Architecture Approaches

As you might expect, the architecture implementation a team ended up with was the key driver of success or failure in this competition. Any software developer on the planet can create a good enough solution and throw tons of computing power at the problem to meet their performance demands - a strategy that will bankrupt the infrastructure budget of even the largest companies. However, it takes a skilled cloud architect to analyze the various trade-offs each decision incurs and strive to make lots of really good small decisions to succeed.

Here's the AWS architecture that one of the better-performing teams put together - in both cost and performance. 2014 Cloud Scale Challenge Demo Day Architecture

Lessons Learned

This was my favorite part of the day. Each team had a wealth of knowledge and experience to speak about that didn't exist just a few months prior to the competition. Everyone unanimously agreed that they are much more comfortable with cloud technologies, and feel confident they could join any cloud-based project and hit the ground running. Mission accomplished.

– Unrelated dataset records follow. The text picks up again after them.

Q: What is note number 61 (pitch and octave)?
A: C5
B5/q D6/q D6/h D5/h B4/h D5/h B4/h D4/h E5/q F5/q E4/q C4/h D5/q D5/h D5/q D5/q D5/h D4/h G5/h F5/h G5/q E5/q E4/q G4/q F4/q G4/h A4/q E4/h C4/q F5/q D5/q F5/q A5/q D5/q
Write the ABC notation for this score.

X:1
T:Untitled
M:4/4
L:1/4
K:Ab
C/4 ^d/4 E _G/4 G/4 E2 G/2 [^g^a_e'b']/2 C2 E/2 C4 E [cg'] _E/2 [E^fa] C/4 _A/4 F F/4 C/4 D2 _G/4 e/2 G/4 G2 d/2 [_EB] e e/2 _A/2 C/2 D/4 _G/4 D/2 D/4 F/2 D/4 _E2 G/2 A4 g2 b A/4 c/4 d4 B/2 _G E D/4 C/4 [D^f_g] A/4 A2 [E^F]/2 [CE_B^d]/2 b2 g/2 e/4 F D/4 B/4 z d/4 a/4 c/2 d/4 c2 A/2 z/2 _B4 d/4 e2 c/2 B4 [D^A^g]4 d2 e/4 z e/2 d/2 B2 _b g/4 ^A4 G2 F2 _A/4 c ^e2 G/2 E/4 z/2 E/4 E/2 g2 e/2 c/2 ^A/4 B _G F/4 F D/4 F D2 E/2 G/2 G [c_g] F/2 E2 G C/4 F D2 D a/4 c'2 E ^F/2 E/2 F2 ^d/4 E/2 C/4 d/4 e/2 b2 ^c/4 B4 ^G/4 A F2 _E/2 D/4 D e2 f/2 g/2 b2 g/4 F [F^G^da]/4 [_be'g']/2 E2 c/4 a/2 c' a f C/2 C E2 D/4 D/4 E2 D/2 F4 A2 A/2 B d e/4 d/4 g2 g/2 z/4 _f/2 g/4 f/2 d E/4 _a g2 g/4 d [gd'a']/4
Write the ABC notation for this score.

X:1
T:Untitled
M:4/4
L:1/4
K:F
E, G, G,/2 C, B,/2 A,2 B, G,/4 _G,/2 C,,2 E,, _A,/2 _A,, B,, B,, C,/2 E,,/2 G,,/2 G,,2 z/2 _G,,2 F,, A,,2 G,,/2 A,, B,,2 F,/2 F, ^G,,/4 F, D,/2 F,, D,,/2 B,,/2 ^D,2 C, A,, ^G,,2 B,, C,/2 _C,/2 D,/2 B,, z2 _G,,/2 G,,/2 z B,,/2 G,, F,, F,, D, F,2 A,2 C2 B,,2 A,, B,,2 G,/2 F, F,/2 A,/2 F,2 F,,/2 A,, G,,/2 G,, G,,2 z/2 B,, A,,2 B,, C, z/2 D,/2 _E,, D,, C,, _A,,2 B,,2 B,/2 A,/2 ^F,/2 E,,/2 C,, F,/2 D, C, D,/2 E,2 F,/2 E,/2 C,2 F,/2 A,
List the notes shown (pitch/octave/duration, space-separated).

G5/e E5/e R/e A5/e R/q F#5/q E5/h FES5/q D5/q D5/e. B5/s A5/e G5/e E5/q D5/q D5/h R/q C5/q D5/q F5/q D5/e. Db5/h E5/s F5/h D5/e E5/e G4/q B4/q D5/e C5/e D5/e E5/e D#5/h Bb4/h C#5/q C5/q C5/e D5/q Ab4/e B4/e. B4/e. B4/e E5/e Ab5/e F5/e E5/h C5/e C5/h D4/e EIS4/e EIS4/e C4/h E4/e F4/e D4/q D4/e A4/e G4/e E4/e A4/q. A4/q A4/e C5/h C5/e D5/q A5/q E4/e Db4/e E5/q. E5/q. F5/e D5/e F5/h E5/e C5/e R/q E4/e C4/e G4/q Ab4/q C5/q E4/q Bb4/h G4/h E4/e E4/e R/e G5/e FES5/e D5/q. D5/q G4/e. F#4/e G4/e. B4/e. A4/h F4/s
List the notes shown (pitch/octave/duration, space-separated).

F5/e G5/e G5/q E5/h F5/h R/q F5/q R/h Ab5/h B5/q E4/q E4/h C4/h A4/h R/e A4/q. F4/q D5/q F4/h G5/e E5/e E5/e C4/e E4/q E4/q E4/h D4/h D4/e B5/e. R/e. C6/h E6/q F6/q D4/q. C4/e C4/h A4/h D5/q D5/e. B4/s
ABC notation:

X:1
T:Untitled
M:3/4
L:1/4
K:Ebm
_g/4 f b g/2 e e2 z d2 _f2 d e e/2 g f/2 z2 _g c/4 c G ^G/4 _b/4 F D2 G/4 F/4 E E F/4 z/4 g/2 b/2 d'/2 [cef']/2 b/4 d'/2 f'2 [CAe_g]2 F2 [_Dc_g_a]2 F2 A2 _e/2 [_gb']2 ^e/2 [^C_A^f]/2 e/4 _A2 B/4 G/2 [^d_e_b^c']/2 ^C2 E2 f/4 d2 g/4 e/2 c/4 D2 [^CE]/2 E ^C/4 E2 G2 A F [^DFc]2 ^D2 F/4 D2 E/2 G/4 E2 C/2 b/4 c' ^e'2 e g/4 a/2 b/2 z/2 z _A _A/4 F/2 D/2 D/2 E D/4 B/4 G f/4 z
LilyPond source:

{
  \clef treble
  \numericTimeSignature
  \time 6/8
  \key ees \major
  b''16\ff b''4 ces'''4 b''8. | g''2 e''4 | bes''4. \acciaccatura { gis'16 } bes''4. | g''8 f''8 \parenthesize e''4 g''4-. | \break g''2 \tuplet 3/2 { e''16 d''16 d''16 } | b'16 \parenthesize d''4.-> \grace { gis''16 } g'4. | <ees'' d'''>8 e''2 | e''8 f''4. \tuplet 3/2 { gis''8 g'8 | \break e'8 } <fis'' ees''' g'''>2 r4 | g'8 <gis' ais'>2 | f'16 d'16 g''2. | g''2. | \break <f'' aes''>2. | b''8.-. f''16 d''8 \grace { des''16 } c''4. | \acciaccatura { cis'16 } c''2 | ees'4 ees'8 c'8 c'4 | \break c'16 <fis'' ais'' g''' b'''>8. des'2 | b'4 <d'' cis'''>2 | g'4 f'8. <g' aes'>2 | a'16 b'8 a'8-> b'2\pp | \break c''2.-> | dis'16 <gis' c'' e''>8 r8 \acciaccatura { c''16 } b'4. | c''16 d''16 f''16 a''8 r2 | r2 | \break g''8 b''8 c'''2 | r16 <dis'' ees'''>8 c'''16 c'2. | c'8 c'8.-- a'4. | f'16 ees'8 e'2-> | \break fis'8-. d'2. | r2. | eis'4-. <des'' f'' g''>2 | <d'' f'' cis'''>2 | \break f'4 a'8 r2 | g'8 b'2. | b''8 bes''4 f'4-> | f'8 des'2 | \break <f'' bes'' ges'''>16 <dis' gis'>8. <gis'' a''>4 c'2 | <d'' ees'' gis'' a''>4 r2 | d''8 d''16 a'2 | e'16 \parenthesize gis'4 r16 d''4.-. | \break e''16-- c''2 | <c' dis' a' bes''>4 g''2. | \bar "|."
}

In addition, there were some more nuanced lessons learned that are outlined below:

  • The teams had a unique opportunity to create a solution from scratch: File->New Project. This is something that some of them haven't done in a long time due to working on larger, more established projects.
  • The knowledge gained with one cloud provider (i.e., Azure) does not necessarily help you in the other.
  • Teams that started focusing on Azure‚Äôs Platform as a Service (PaaS) tended to use their Azure solution for the competition.
  • Creating a solution that works across both cloud providers with minimal code changes, restricted teams from using services that are unique across a single provider (PaaS on Azure).
  • AWS charges you for the whole hour, even if you spin an EC2 instance up for just a few seconds.
  • The team that had the best raw performance focused intently on the low-level aspects of their solution: frameworks, web servers, operating systems, and programming languages. They didn't pick what was familiar to them, they picked what would perform best.
  • Scaling out (adding more machines) is more effective than scaling up (adding more compute resources).


When we set out to create this competition, our goal was simple. Incentiveize people to get up-to-speed on technology platforms that are desperately needed in the industry. We didn't know what the response would be, how applicable the experience would be, or even how many teams would be able to finish.

At the end of demo day, we felt like the results far exceeded our expectations. The teams impressed us with their tenacity and intuitive problem solving abilities, and there was a high level of excitement and passion around the subject area.

We consider the 2014 Cloud Scale Challenge an overwhelming success and I can't wait to see what the teams come up with next year.